Tough call, but I went with the Holocaust. I don’t know that I could say which group of victims had it worse, but I don’t consider that the only thing determining which was more evil. In both cases the perpetrators believed that another group of people were subhuman, captured these people, separated them from their families (relatives were often sent to different camps during the Holocaust), and forced them to live in terrible conditions. But the Nazis weren’t willing to stop there, they systematically killed their victims and had the ultimate goal of totally exterminating the “undesirables”.

Again, from the perspective of the victim I don’t know that I could say which is worse: to be worked to death as a slave over the course of many years or to spend a relatively brief time as a prisoner in a concentration camp before being gassed. Different people may disagree about which one they’d find one marginally less horrible than the other. But considering the mindset of the people responsible for these horrors, I think it’s more evil to look upon another ethnic group/groups as vermin than it is to view them as beasts of burden. Maybe not a lot more evil, but somewhat eviler.

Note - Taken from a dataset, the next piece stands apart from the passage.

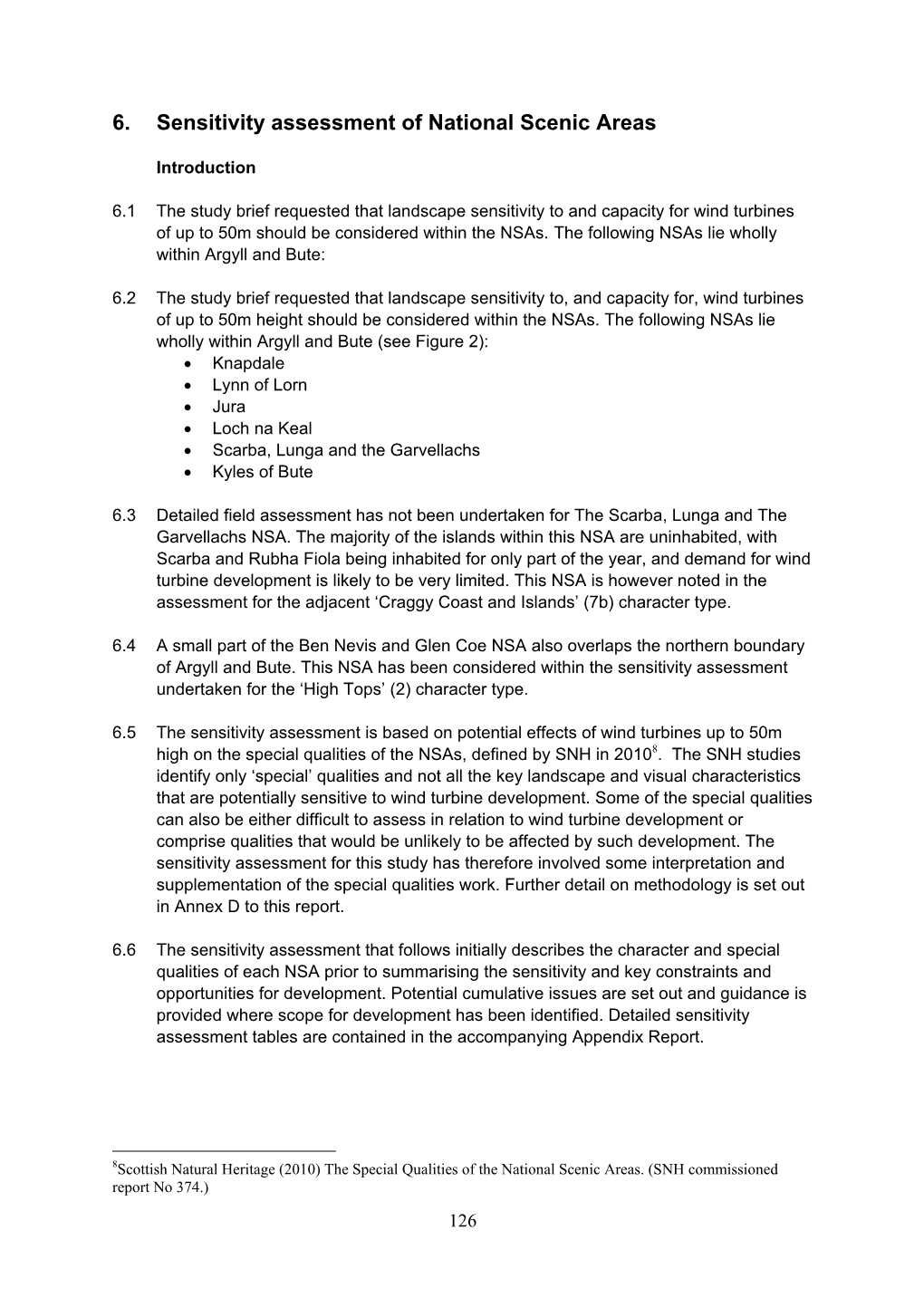 6. Sensitivity Assessment of National Scenic Areas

It’s definitely a strategy and not just opportunistic fighting. Tribes of chimps have been observed targeting neighbouring tribes. They will scout the members of the other tribe and ambush isolated members one by one. Then when the target tribe has been reduced to a small enough number, they’ll stage a group attack to finish off the rest of the males.

Someone who truly believes that slavery is worse than death would have an interesting take on watching Schindler’s List. They’d see Goth as the hero of the movie, who by trying to kill all the Jews was saving them from Schindler’s attempts to make them work.

Do you really this is fair and nonoffensive comparison? Schindler rescued people from the ovens by having him be his workers; they were not kidnapped solely to be in his property for the rest of their lives. Chattle slaves were not rescued by anyone.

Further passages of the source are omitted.